Je luy ay seulement répliqué que je sçavois que l'enrollement estoit de plus de deux mille, et que de cella n'en seroit jamais rien inputé à l'home du prince d'Orange, à qui, sans lèze magesté, n'estoit loysible lever gens en ce royaulme, sinon avec le congé de la dicte Dame; et que vous ne vous pleindriez que d'elle de tout ce qui sortiroit d'icy à votre préjudice.
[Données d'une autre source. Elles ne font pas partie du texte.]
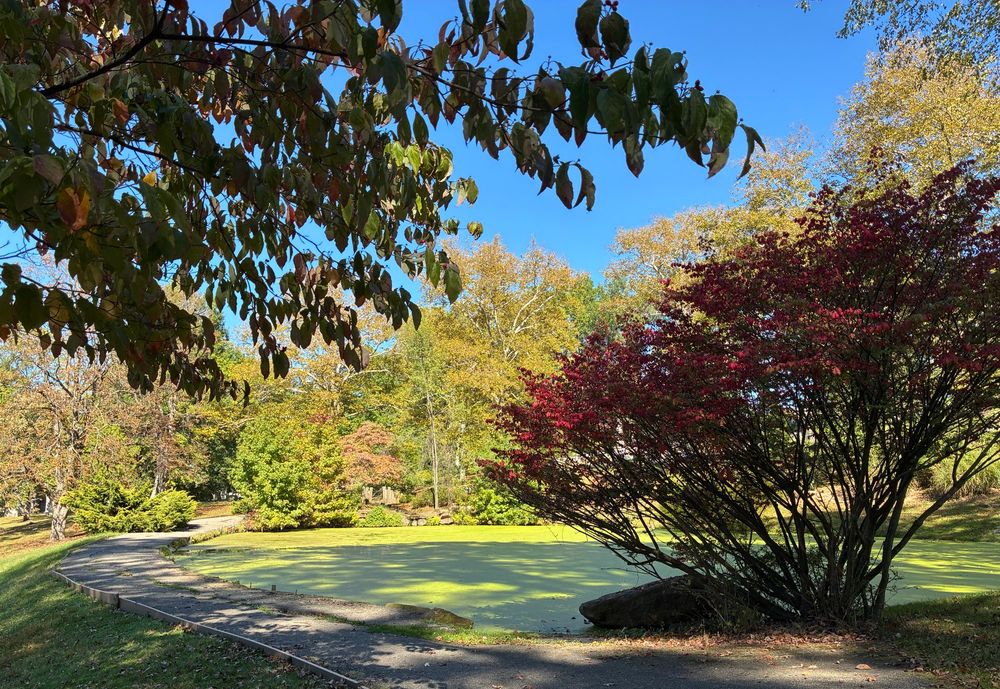 a photo of a pond a little raised hill. in the foreground is a dark red bushy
Puis, sur la restitution des biens de voz subjectz, qui ont esté prins en mer, je luy ay dict que je ne sçavois que luy requérir davantaige pour en avoir raison, ny pour fère cesser ce qui se commétoit encores toutz les jours de violent en mer, de quoy je demeurois diffamé et calompnié, envers Votre Majesté et envers les gouverneurs de voz frontières, de ce que j'annonçoys toutjour la paix du costé de ce royaulme, jouxte l'asseurance qu'elle m'en donnoit, et l'on n'en voyoit sortir qu'une continuelle guerre; dont me reprochoient, ou que j'estoys mal advisé de me fier en ses parolles, ou qu'elle estoit mal obéye; et que j'estoys prest de renvoyer les povres marchantz françoys qui me sollicitoient, icy, toutz les jours, pour sercher leurs remèdes ailleurs, et mander de dellà de ne laysser plus sortir nulz navyres marchantz de noz portz et rivières, jusques à tant que, par force, Votre Majesté eust remédié aulx volleries et otrages que les corsaires anglois vont fère jusques dans voz portz.